Frankish saint and Benedictine abbot

Saint Pardulphus (Pardulf, Pardoux) (657 – c. 737 AD) was a Frankish saint and Benedictine abbot. The Vita Pardulfi, was written by an anonymous monk around the middle of the eighth century. It is notable for the insight it provides into life in Aquitaine at the time.

He was born at Sardent, from a family of peasants. His legend states that he was a shepherd who decided to live as a hermit after experiencing a terrible storm. Lantarius, the count of Limoges, had built a monastery at Guéret. Pardulphus joined this monastery, later serving as its abbot. He followed strict penances, never keeping himself warm, and only eating once a week. He is alleged to have rejected heat from any source but the rays of the sun. However, as he grew old he did occasionally make use of “hot stones” to keep himself warm. He rejected the consumption of all poultry, eating only the mushrooms the local peasants brought him.

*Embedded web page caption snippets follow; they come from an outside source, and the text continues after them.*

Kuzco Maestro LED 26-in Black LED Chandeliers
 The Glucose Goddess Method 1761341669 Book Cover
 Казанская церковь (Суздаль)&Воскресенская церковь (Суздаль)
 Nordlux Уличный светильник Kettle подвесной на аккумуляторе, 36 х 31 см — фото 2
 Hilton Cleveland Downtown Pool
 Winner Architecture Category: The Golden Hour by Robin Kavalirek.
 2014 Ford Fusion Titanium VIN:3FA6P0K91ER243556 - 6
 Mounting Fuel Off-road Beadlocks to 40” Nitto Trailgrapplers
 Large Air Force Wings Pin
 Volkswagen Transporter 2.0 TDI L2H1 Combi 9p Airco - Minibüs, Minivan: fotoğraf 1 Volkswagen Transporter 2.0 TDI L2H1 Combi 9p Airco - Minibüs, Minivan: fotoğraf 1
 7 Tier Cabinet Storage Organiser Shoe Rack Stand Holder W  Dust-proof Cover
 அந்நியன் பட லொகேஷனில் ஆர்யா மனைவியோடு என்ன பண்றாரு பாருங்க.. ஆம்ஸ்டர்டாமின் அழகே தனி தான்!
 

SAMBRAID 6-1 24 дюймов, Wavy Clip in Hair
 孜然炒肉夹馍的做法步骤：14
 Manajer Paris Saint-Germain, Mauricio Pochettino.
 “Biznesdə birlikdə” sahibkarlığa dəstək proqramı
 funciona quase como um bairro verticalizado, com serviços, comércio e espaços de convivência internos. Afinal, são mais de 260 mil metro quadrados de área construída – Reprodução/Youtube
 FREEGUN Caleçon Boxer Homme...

The Vita Pardulfi records a miracle performed by Pardulphus. Some carpenters were cutting wood with which to build the church of Saint-Aubin at Guéret. After they loaded the wood onto carts and returned to the building works, it was determined that the wood was too short. The carpenters’ superintendent wished to have the carpenters whipped in punishment for this, but Pardulphus intervened with a miracle that made the wood the right size and even surpassed the intended length. As a result, the excess wood was sawn off and hung in the church as an object of veneration.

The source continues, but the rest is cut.